Attiré par l’euphonie et la signification du titre intégral, Alfred le Grand, vainqueur des Vikings, j’ai regardé sans déplaisir le film de Clive Donner tout en m’ennuyant un peu de la répétitivité des séquences et de l’absence de tout regard historique autre que superficiel, hollywoodien en d’autres termes. Il est pourtant certain que la vision jetée sur cette période de l’histoire européenne qui est en train de s’engluer un peu a le mérite de l’originalité. Il n’y avait guère eu, jusque-là, que les superbes Vikings de Richard Fleischer en 1958, avec Kirk Douglas et Tony Curtis qui avaient mis en scène ces invasions barbares survenant au moment d’un réchauffement climatique (déjà ! Nil novi sub sole !) et de la fin de la Renaissance carolingienne.
Invasions barbares, invasions de barbares. Et s’il y a mérite à Alfred le Grand, c’est bien de montrer sans fard ni pudeur l’extraordinaire violence, la sauvagerie instinctive de ces Scandinaves qui n’ont jamais reçu la lumière de la Méditerranée gréco-latine : des barbares purs et durs, sacrifiant à des rites sanguinaires, ne respectant pas les traces de la civilisation romaine, ne songeant que rapines, profanations, viols, pillages et saccages. Il leur faudra la grâce d’être touchés par la douceur de notre France (traité de Saint Clair sur Epte, en 911) pour commencer à s’humaniser. Ce qui leur permettra, d’ailleurs, de conquérir l’Angleterre 150 ans plus tard sous la houlette de Guillaume le Conquérant.
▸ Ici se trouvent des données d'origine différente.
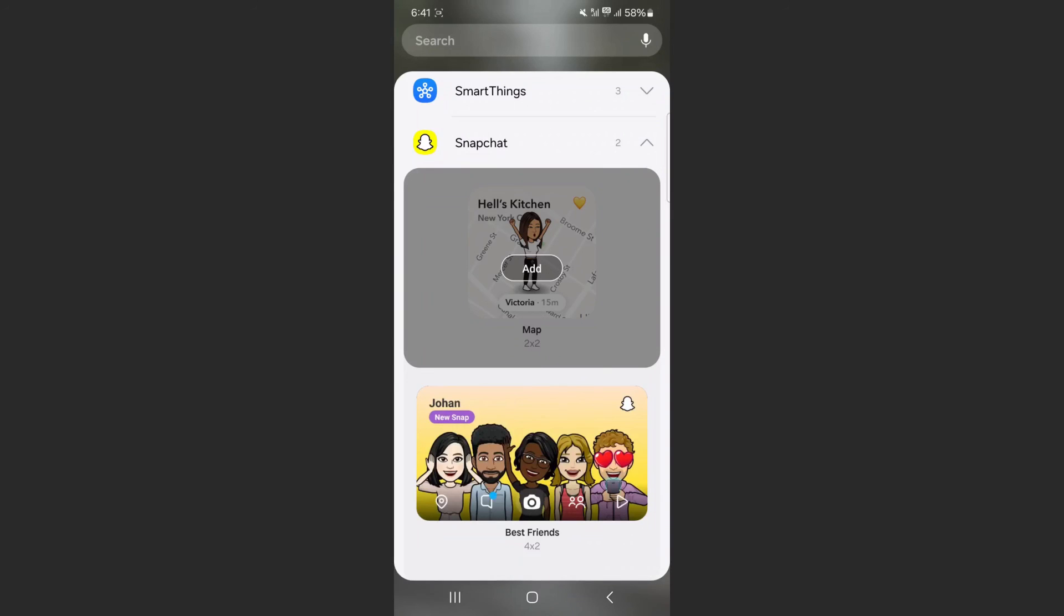And yeah, that's pretty much it. That's how to add a Snapchat widget on Android. If you have any questions, please let me know down in the comments below, and I'll do my best to help you out.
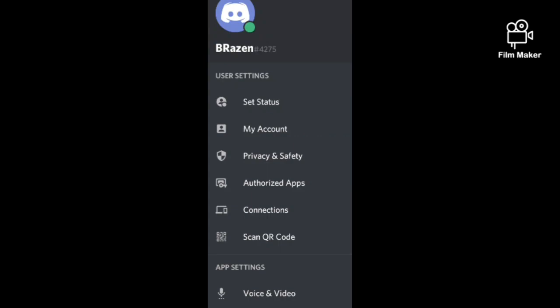What's good, it's Brazen back with another video. Just to let y'all know, I just got a Discord account. So if you want to play Discord with me or something, or if you guys just want to talk or anything, you know.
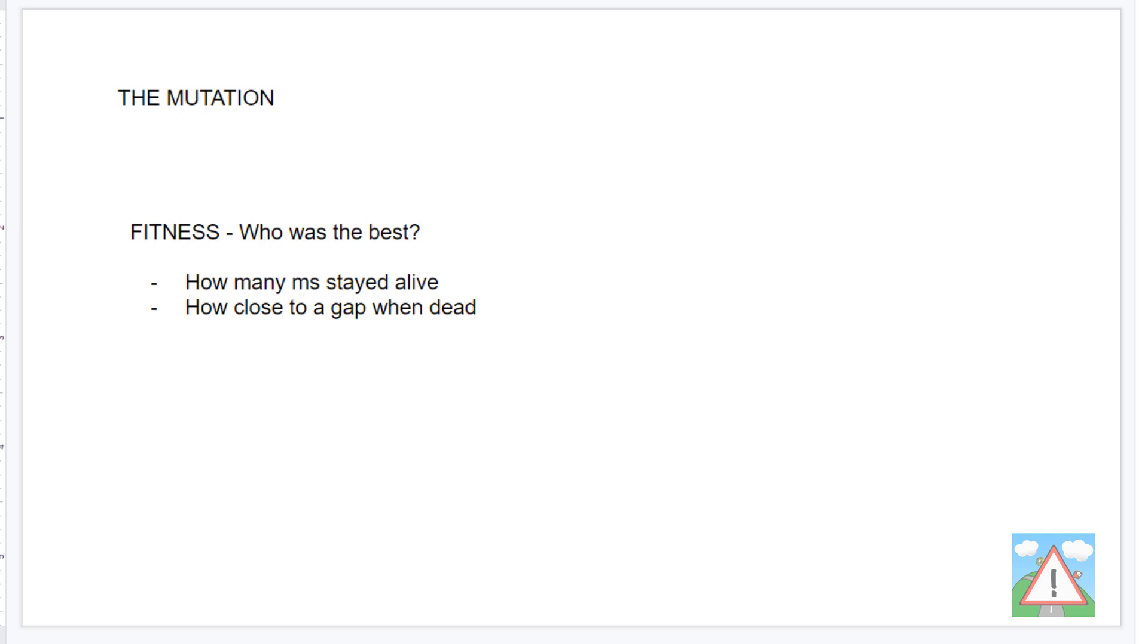The first one that comes to mind, obviously, is whichever one survives the longest is probably the best one. And that's true. But the problem you get with that if you just use that is they often just sit in the corner because they all die at the same time at the top of the screen. Therefore, it's hard to differentiate which one was better maybe than another one.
Le film semble à peu près respecter le récit historique. Car Alfred le Grand est un personnage effectif, dont on connaît assez bien la vie. Né au milieu du 9ème siècle, il meurt en 899. Il est le dernier fils du roi du Wessex (sud-ouest de l’île) et il se destinait effectivement à la prêtrise ; il a d’ailleurs été canonisé par l’Église de longue date. Si l’on n’est pas très sourcilleux avec les épisodes de la vie de ce monarque bien ancien, on peut être content de recevoir une instruction pédagogique. De fait, d’ailleurs, il semble que le Roi, dernier des cinq fils du souverain Æthelwulf, n’ait jamais ambitionné le Pouvoir, qui lui a été dévolu par la mort de ses aînés.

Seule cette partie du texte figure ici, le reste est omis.